Exercise details
From the listing below, copy only the lines from the line that contains "Polyrattan Kerti Ülőgarnitúra" to the line that contains "2022 Tesla Model", counting those two lines as part of the copy.
━━━━━ Given records
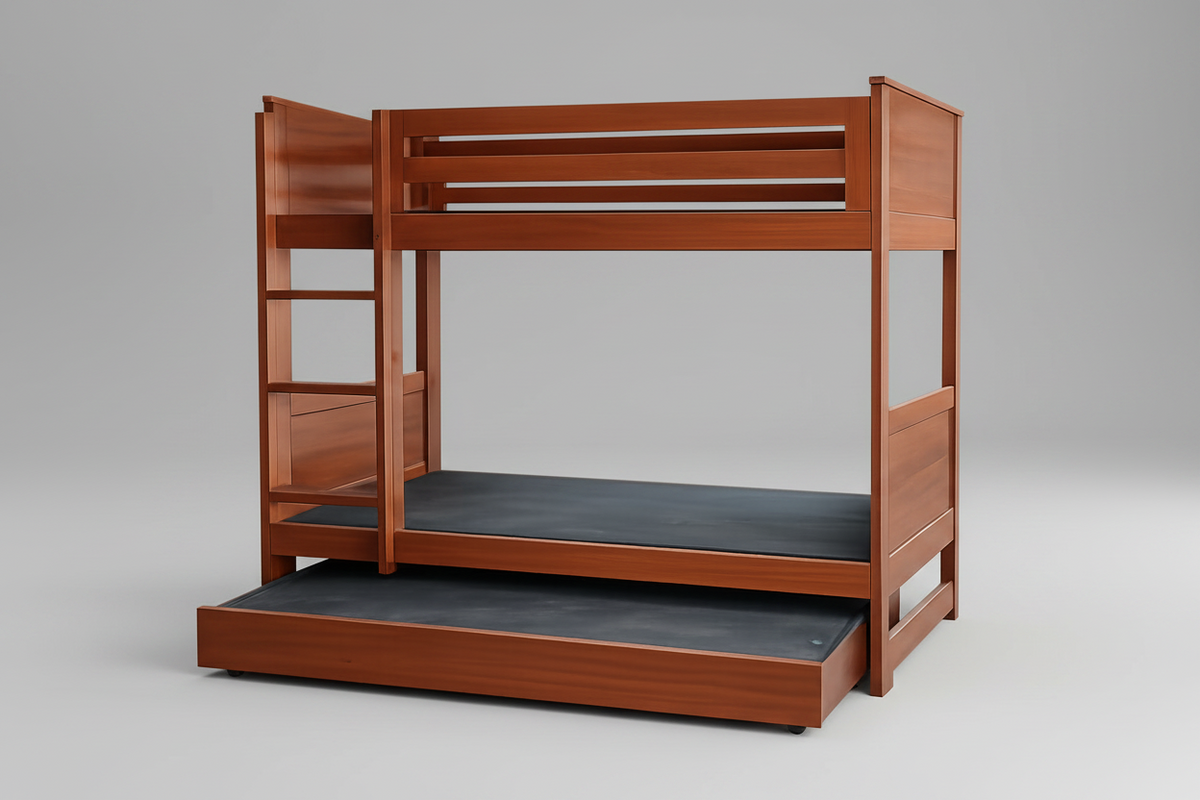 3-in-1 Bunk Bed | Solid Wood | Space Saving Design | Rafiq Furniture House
━━━━━━━━━━
━━━━━ Given records
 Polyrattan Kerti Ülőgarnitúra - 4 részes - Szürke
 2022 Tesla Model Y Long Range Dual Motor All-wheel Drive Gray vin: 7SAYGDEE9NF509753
━━━━━━━━━━
Exercise answer
 Polyrattan Kerti Ülőgarnitúra - 4 részes - Szürke
 2022 Tesla Model Y Long Range Dual Motor All-wheel Drive Gray vin: 7SAYGDEE9NF509753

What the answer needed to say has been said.